Agnès Jésupret raconte l’enfance chahutée d’une Italienne de Tunisie
Avec ‘‘Les os noirs’’, son premier roman, Agnès Jésupret explore une histoire intime et oubliée née d’un témoignage recueilli presque par hasard : celui d’une vieille dame d’origine italienne ayant grandi dans la Tunisie du protectorat français. À travers ce récit nourri de mémoire, de malédictions et d’ombres coloniales, l’autrice tisse un fil entre fiction et réalité, entre silence et transmission. Dans cet entretien accordé à Kapitalis, elle revient sur la genèse de son livre, son regard sur l’histoire coloniale, sa méthode de travail minutieuse et sensorielle, et son désir de voir son roman dialoguer avec la Tunisie d’aujourd’hui. Une parole sensible et engagée, portée par une romancière pour qui l’écriture est un geste de réparation.
Entretien réalisé par Djamal Guettala
Kapitalis : Vous vous définissez comme «biographe anonyme pour des gens qui le sont tout autant ». Qu’est-ce qui vous a poussée à écrire un premier roman ?
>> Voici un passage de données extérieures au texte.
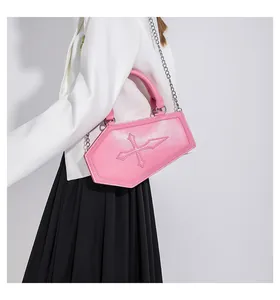 Pink coffin-shaped crossbody bag featuring a 3D cross detail and silver chain strap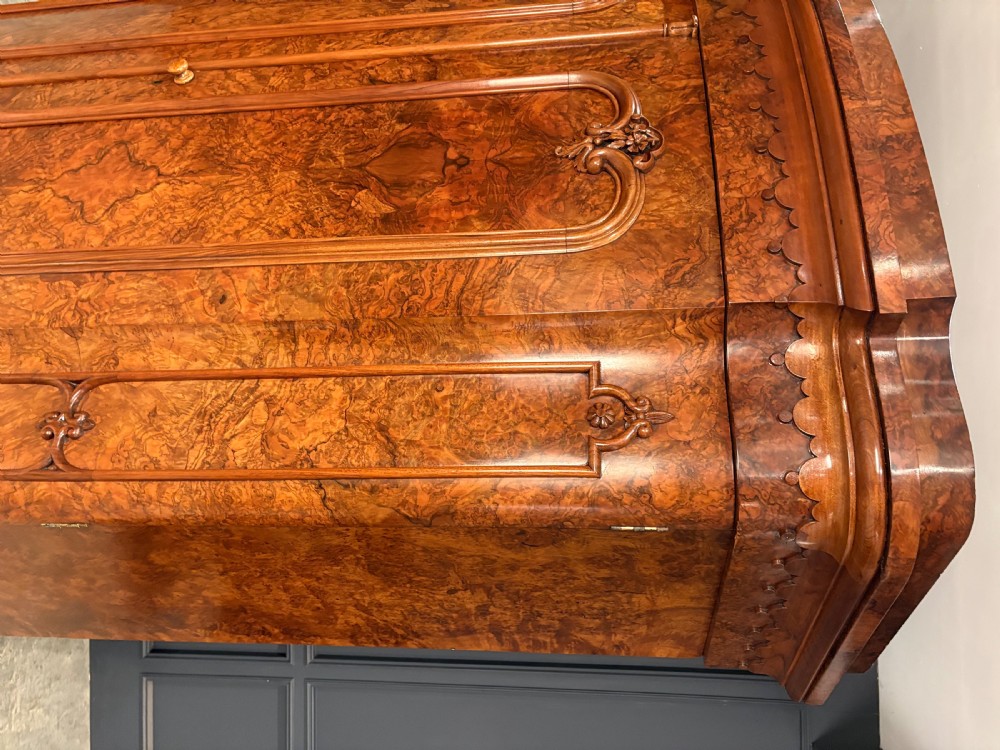A large Victorian burr walnut bow-front wardrobe featuring carved arched door panels, a moulded cornice, and a plinth base. View VII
Agnès Jésupret : J’ai commencé à écrire ce roman avant d’écrire des livres de souvenirs. J’ai eu envie de l’écrire parce que je suis tombée sur une dame assez âgée, d’origine italienne, qui m’a raconté son enfance en Tunisie. Cette histoire était tellement incroyable, tellement tourmentée, que je lui ai demandé l’autorisation d’en faire un roman. La dame m’a dit que je pouvais faire ce que je voulais de son histoire, alors j’ai commencé à «m’amuser» à écrire. Pendant une dizaine d’années, je suis revenue sur ce roman, c’était mon passe-temps. Quelque temps après avoir rencontré cette dame, j’ai commencé à faire des livres de souvenirs.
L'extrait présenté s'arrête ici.